ASSIGNMENT:
Print the records below exactly. Omit every picture.

Crawled caption data
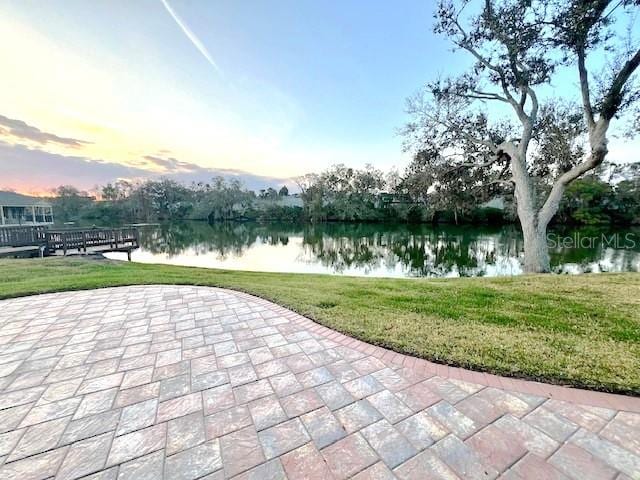 patio terrace at dusk with a water view and a lawn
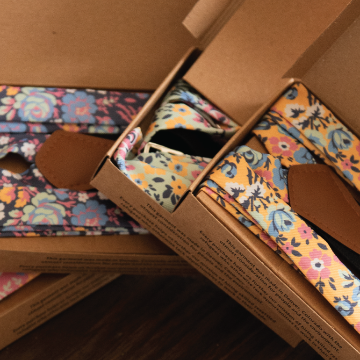 Four customized floral suspenders in gift packaging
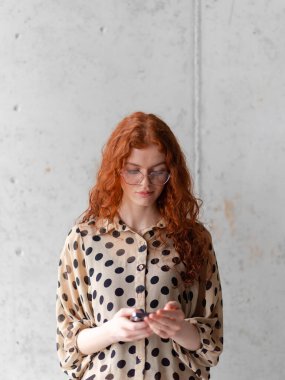 Büyüleyici turuncu saçlı genç bir girişimci şık gri bir duvarın önünde akıllı telefonu tutarken kendine güvenen bir poz veriyor.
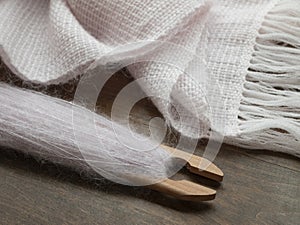 Light pink fringed shawl made of fluffy mohair yarn. Ready handwoven garment and shuttle with thread on wooden table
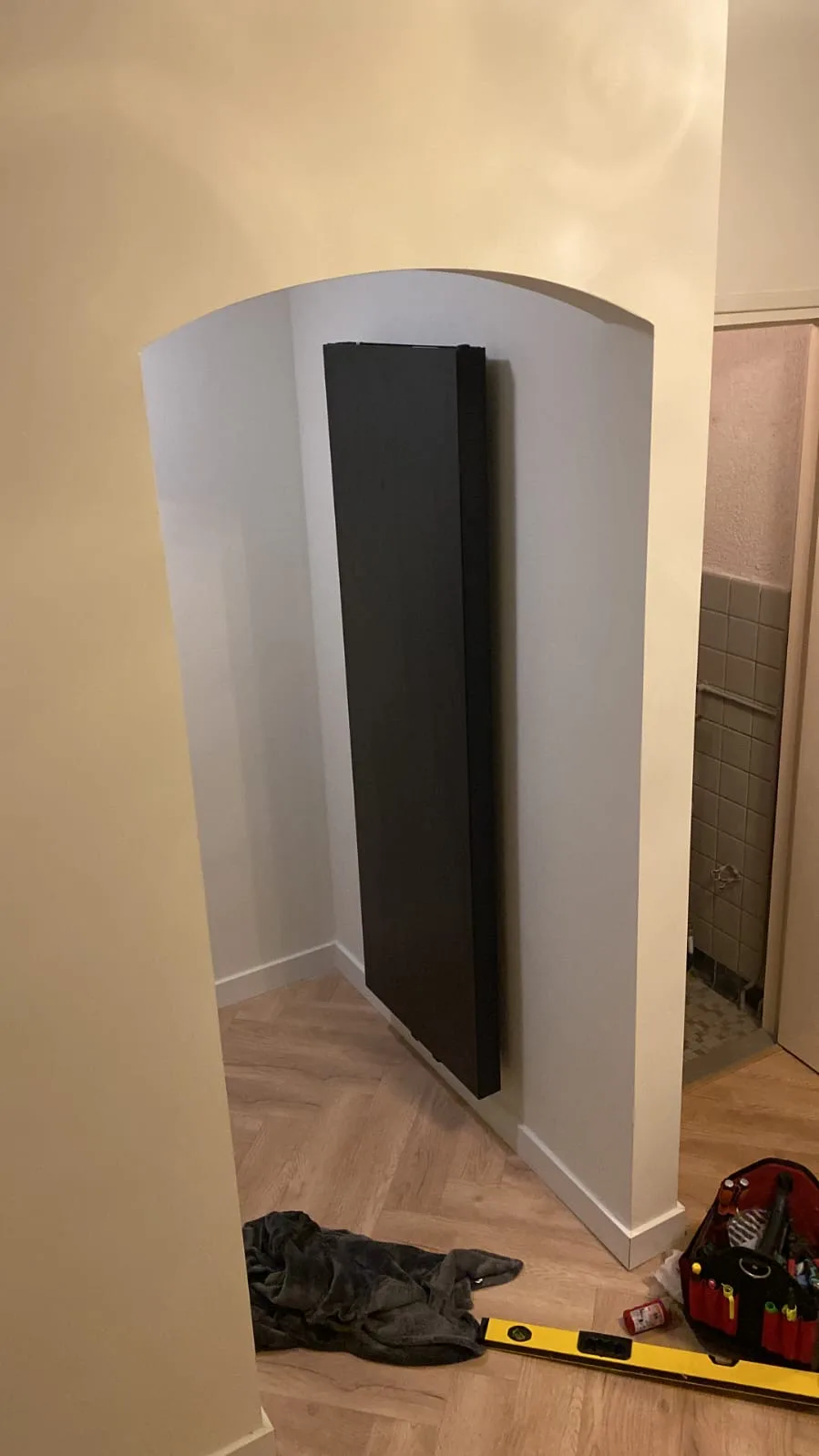 Zwarte verticale designradiator in de hal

SOLUTION:
 patio terrace at dusk with a water view and a lawn
 Four customized floral suspenders in gift packaging
 Büyüleyici turuncu saçlı genç bir girişimci şık gri bir duvarın önünde akıllı telefonu tutarken kendine güvenen bir poz veriyor.
 Light pink fringed shawl made of fluffy mohair yarn. Ready handwoven garment and shuttle with thread on wooden table
 Zwarte verticale designradiator in de hal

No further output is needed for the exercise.